The Himalayan Times, February 10, 2018

Paediatricians have suggested parents to allow infants to soak up in the sun to minimise the risk of Vitamin D deficiency.

Reports say infants with Vitamin D deficiency have high chances of suffering from diabetes and obesity. The tendency to test for Vitamin D deficiency has increased among parents in recent years and the tests have shown that many infants lack the required level of Vitamin D in their body, the doctors say.

“We have found that Vitamin D deficiency in infants slows down their physical growth,” said Dr Subhana Thapa, senior consultant paediatrician at Kanti Children’s Hospital, Maharajgunj. “The number of children suffering from vitamin D deficiency is on the rise,” said Dr Sujit Kumar Shrestha, consultant paediatrician at Om Hospital, Chabahil.

The possible reason for vitamin D deficiency among children is parents’ tendency to keep their children indoors for safety reasons. “The children these days are busy playing indoor games instead of playing outside in the open and they aren’t exposed to sunlight to get necessary vitamin D. Children get vitamin D from the food they eat but food alone cannot provide the amount of Vitamin D their body needs,” informed Dr Shrestha.

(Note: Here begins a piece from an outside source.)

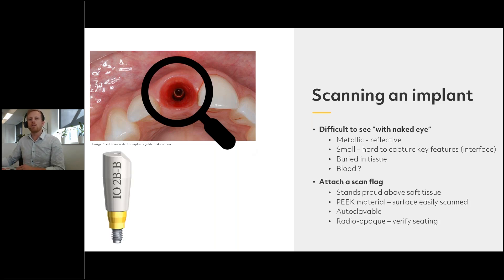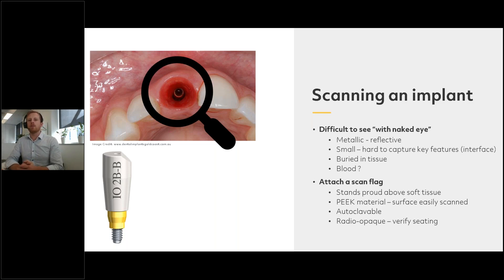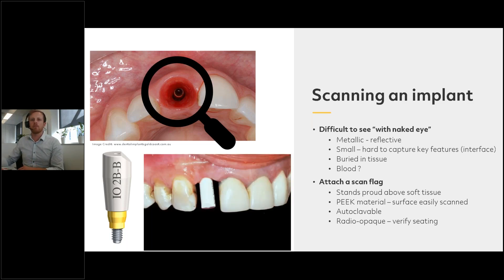We can use a scan flag — on the left here I've got the io2b-b from ELOS. The scan flag is bolted into the implant and stands proud above the soft tissue, making it quite easy to scan. It's made from a material called PEEK, which provides a nice surface for scanning with an intraoral scanner or desktop scanner. These can be autoclaved for use with different patients, and they're also radio-opaque in the scan body but not in the seating — this enables us to verify the seating of the titanium interface into the implant and ensure it's fully seated.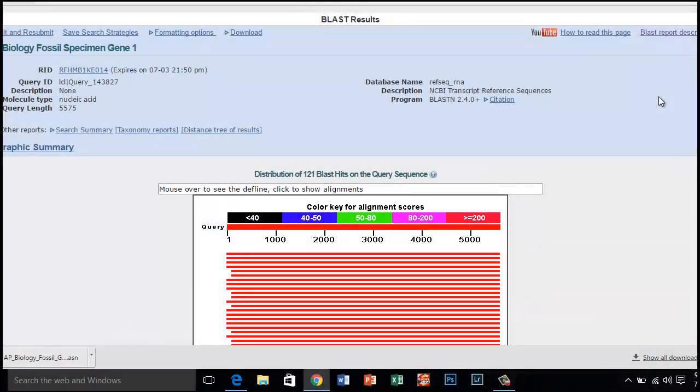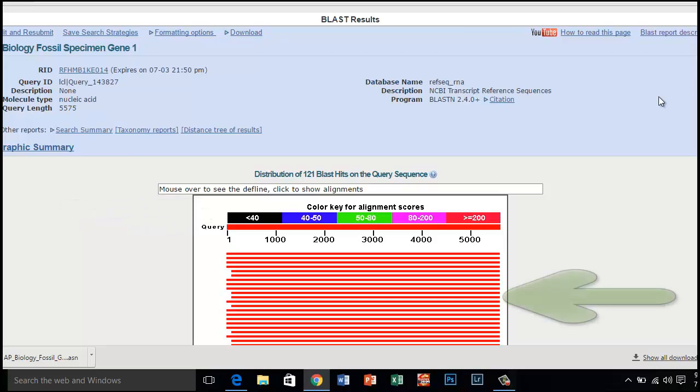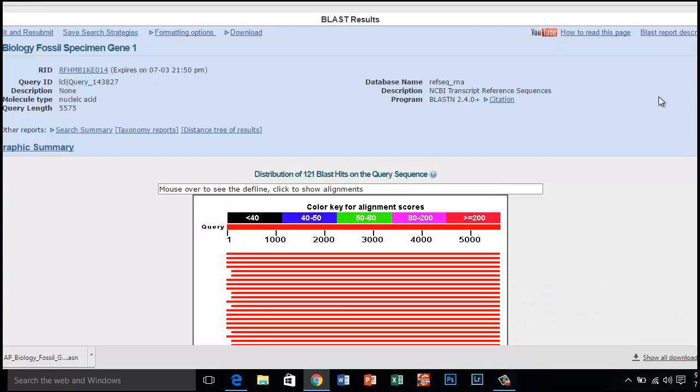The results page has two sections. The first section is a graphical display of matching sequences. The top bar represents the gene sequences you entered into BLAST. The red bars represent the top results in the query and how well aligned each result is with the gene of interest.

Nowadays, children living in cities are deprived of direct sunlight due to which many children in city are having Vitamin D deficiency.  Nutrition and genetic factors also contribute to Vitamin deficiency in children.

“Pain in legs, bone deformity and slow growth rate, among others, are symp toms of vitamin D deficiency,” informed Dr Ganendra Raya, paediatrician at Siddhi Memorial Hospital, Bhaktapur.

Vitamin D is necessary for bone growth and immunity. Vitamin D deficiency is associated with deteriorating bone health and in severe cases, hypoglycemia, rickets, and osteomalacia in children and adults.

Children who are on exclusive breast feeding and below one year of age are recommended for Vitamin D supplement. “Preterm babies should be given the supplement so as to save them from rickets as they are more prone to Vitamin D deficiency,” said Dr Thapa.

To help children get enough Vitamin D, children should be exposed to sunlight, provided with nutritious food and a regular visit to paediatricians is a must, according to doctors.